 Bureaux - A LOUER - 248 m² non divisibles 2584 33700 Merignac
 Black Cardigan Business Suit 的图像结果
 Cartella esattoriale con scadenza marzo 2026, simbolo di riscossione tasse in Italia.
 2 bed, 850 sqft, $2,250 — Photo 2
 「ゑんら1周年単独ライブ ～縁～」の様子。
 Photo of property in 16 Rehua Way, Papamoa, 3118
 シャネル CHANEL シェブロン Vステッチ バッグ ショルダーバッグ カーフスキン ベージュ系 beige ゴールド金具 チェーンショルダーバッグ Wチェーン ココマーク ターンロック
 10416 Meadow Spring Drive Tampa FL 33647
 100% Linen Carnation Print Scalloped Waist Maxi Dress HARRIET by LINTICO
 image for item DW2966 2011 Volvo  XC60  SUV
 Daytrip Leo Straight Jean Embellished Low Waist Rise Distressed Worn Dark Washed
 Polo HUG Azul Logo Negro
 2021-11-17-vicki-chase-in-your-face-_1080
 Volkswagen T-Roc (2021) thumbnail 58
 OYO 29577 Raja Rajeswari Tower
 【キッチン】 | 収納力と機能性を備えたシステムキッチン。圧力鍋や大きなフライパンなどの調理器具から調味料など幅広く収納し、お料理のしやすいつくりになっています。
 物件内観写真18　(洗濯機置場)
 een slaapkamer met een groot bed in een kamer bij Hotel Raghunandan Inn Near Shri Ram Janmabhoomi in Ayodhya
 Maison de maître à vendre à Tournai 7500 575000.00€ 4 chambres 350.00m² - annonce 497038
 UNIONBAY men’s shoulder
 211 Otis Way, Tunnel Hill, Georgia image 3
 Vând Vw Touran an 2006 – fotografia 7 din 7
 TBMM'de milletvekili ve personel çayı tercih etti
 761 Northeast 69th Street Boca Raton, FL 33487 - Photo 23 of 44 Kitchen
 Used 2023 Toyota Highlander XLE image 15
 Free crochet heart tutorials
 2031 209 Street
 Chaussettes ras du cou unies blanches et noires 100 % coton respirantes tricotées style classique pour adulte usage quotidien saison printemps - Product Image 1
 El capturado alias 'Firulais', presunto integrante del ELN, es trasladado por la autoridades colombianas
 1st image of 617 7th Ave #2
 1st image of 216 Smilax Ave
┄┄┄┄┄┄┄┄┄┄┄┄┄┄┄┄┄┄┄┄
Action item:
Could you set down, word for word, only the lines above from the line with "Photo of property" to the line with "een slaapkamer met", including both?

Answer section:
 Photo of property in 16 Rehua Way, Papamoa, 3118
 シャネル CHANEL シェブロン Vステッチ バッグ ショルダーバッグ カーフスキン ベージュ系 beige ゴールド金具 チェーンショルダーバッグ Wチェーン ココマーク ターンロック
 10416 Meadow Spring Drive Tampa FL 33647
 100% Linen Carnation Print Scalloped Waist Maxi Dress HARRIET by LINTICO
 image for item DW2966 2011 Volvo  XC60  SUV
 Daytrip Leo Straight Jean Embellished Low Waist Rise Distressed Worn Dark Washed
 Polo HUG Azul Logo Negro
 2021-11-17-vicki-chase-in-your-face-_1080
 Volkswagen T-Roc (2021) thumbnail 58
 OYO 29577 Raja Rajeswari Tower
 【キッチン】 | 収納力と機能性を備えたシステムキッチン。圧力鍋や大きなフライパンなどの調理器具から調味料など幅広く収納し、お料理のしやすいつくりになっています。
 物件内観写真18　(洗濯機置場)
 een slaapkamer met een groot bed in een kamer bij Hotel Raghunandan Inn Near Shri Ram Janmabhoomi in Ayodhya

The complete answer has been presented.